I did not cry. I felt as if it was me and not my mother that had died; and I sat if paralysed, and did not know what to do next. But Mrs. Phelan said we could not leave her lying there, and I did have a white sheet for her to be buried in. And then I began to worry terribly, because all we had was the three sheets. There were two old ones that had been worn through and then cut in tow and turned, and also the one sheet given to us by Aunt Pauline; and I did not know which to use. It seemed like disrespect to use an old one, but if I used the new one it would go to waste as far as the living were concerned: and all my grief became concentrated, so to speak, on the matter of the sheets. And finally I asked myself what my mother would prefer, and since she’d always placed herself second best in life, I decided on the old one; and at least it was more or less clean.

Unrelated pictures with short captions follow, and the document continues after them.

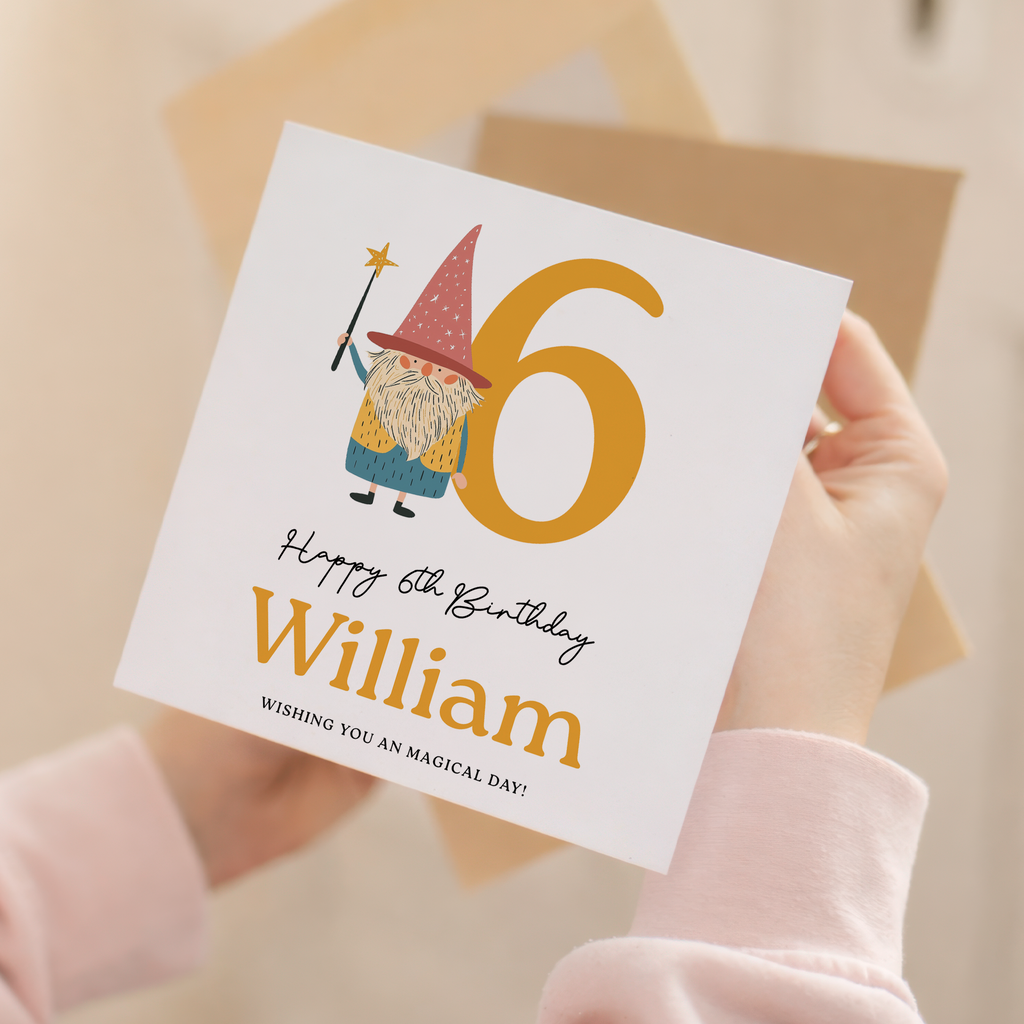 Personalised Wizard Birthday Card Ages 3 4 5 6 Magical Kids Birthday Card with Star Wand Fun Fantasy Design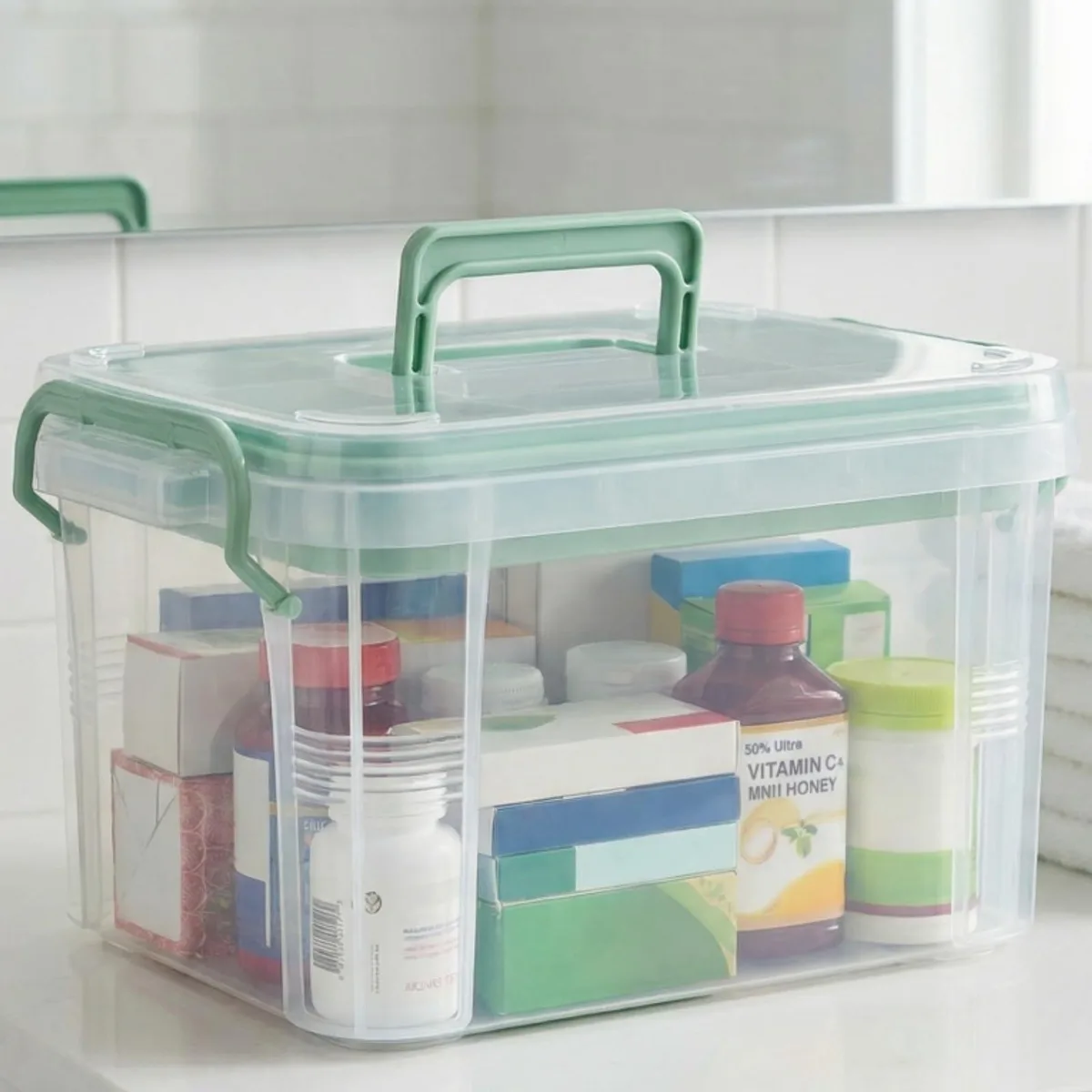 Green plastic tool storage box with handle and clasp, 11.6 inches long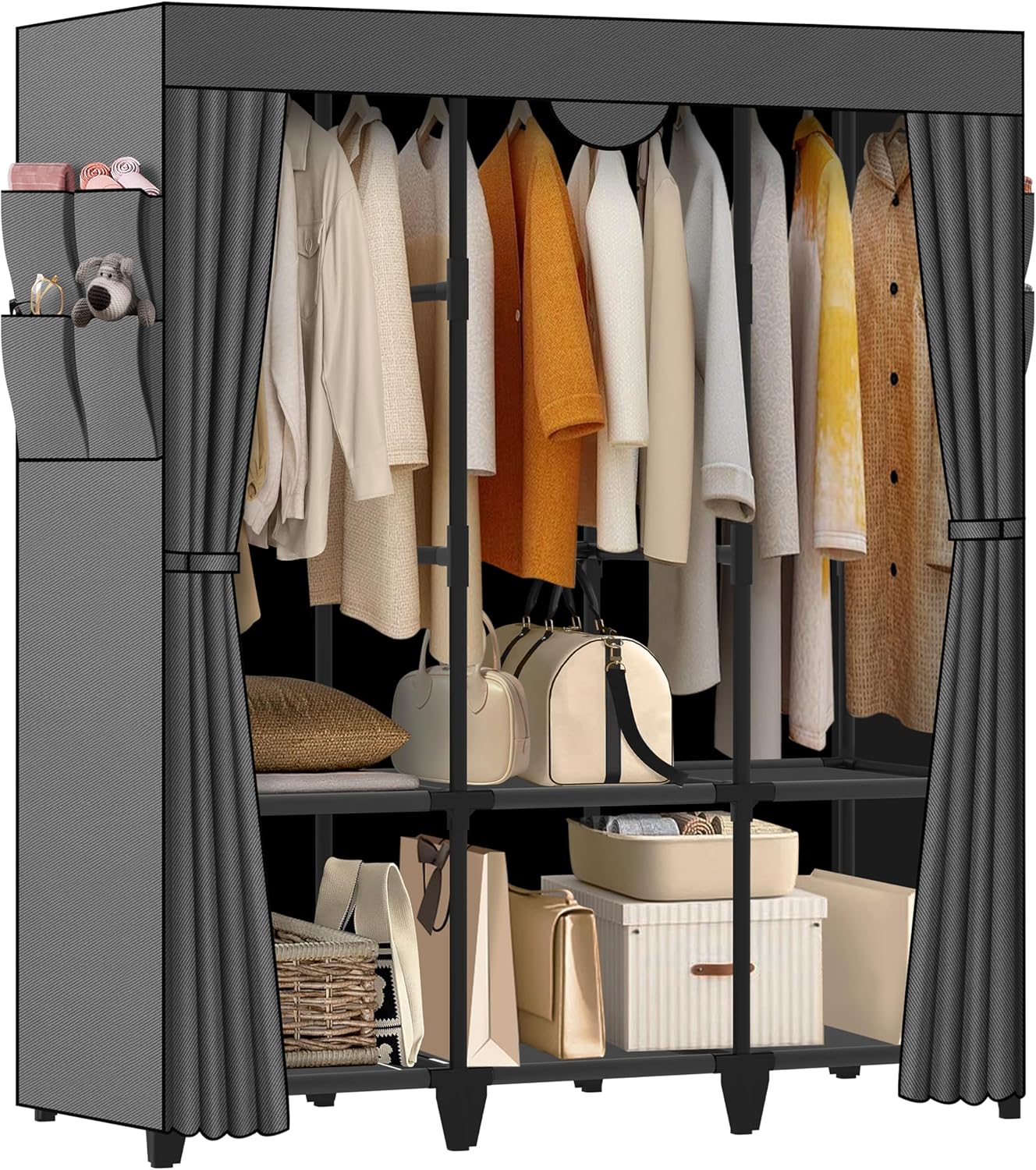 Portable Closet - Large Capacity Gray Wardrobe with 3 Hanging Rods, 6 Shelves & 8 Pockets | Easy Assembly for Bedroom & Living Room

The Captain having been notified, two sailors came to carry my mother up onto the deck; and Mrs. Phelan cam up with me, and we arranged her, with her eyes closed and her pretty hair down, because, Mrs. Phelan said a body should not be buried with the hair knotted. I left her in the same clothes she had on, except for the shoes. I kept back the shoes, and her shawl as well, which she would have no need of. She looked pale and delicate, like a spring flower, and the children stood around crying; and I had each one of them kiss her on the forehead, which I wouldn’t have done if I thought she’d died of anything catching. And one of the sailors, who was an expert at such things, tucked the sheet around her very neatly, and sewed it up tight, with a length of old iron chain at the feet, to make her sink. I had forgotten to cut off a lock of her hair to keep, as I should have done; but I was too confused to remember it.
As soon as the sheet was over her face I had the notion that it was not really my mother under there, it was some other woman; or that my mother had changed, and if I was to take away the sheet now, she would be someone else entirely. It must have been the shock of it that put such things into my head.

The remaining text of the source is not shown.